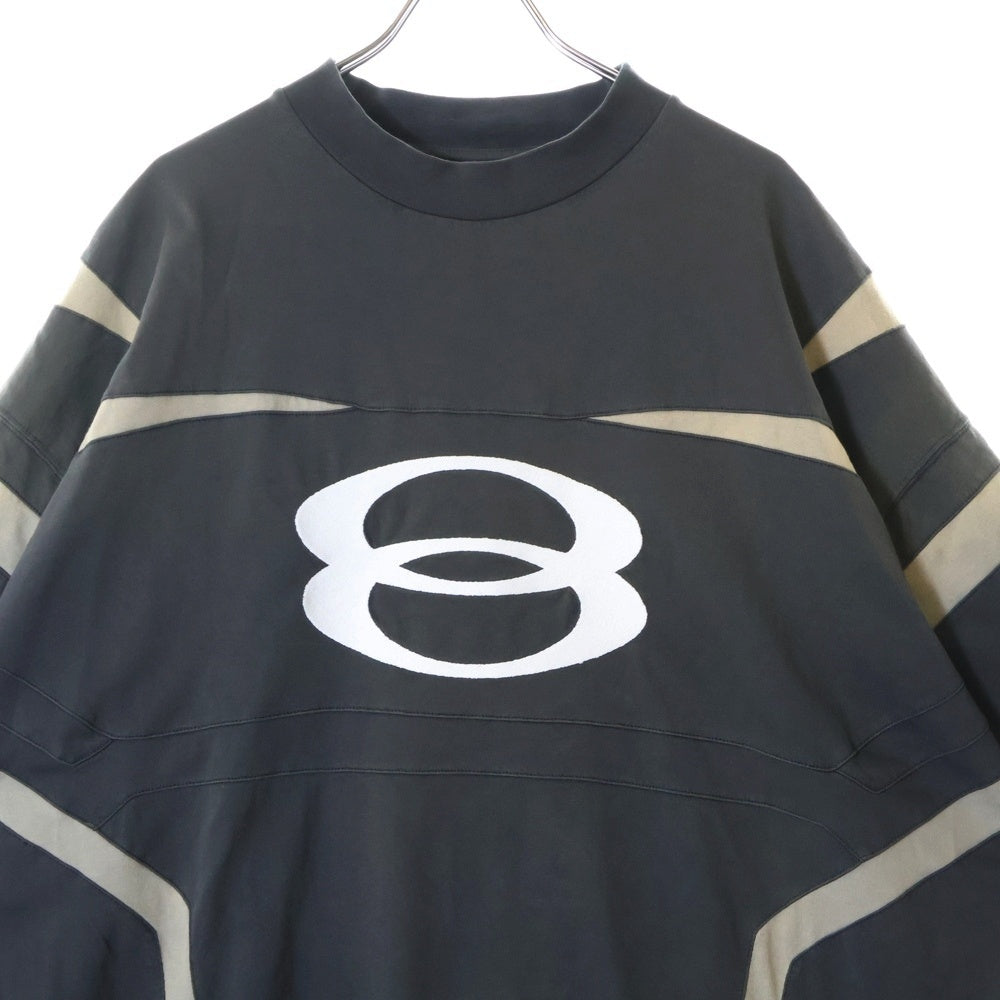 BALENCIAGA(バレンシアガ) Unity Sports Icon Biker ユニティスポーツアイコンバイカー 半袖Tシャツ グレー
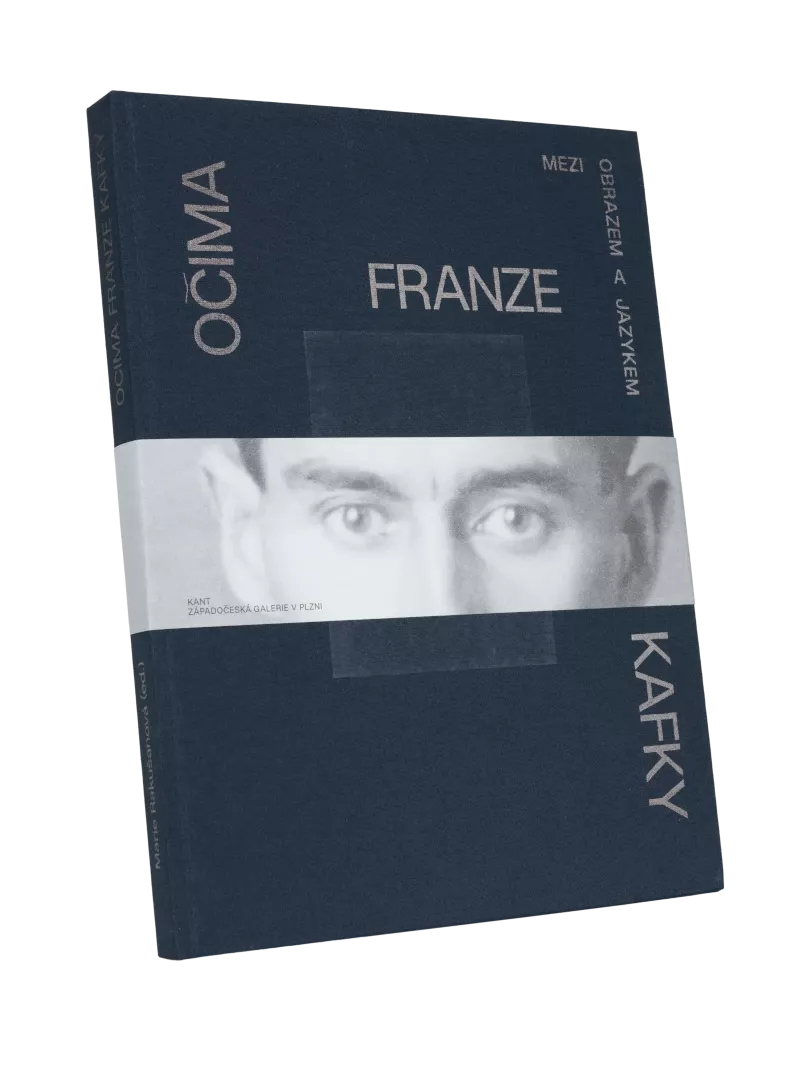 Očima Franze Kafky: Mezi obrazem a jazykem publikace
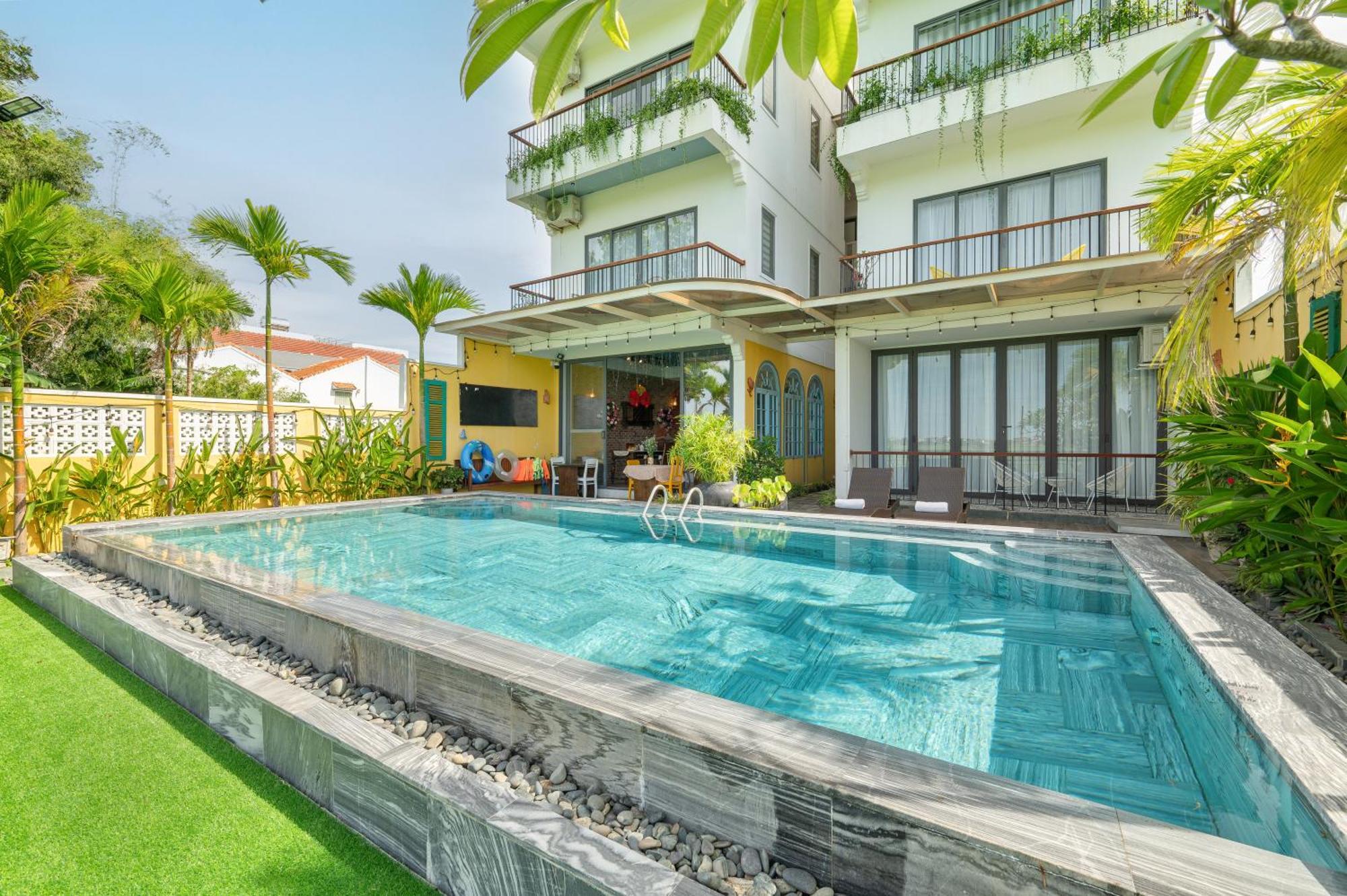 Bs Jade Home Hoi An Eksteriør billede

## [Instructions for the task]
Where a picture appears in the listing above, skip it and set down all the rest exactly.

## [Output of the exercise]
 BALENCIAGA(バレンシアガ) Unity Sports Icon Biker ユニティスポーツアイコンバイカー 半袖Tシャツ グレー
 Očima Franze Kafky: Mezi obrazem a jazykem publikace
 Bs Jade Home Hoi An Eksteriør billede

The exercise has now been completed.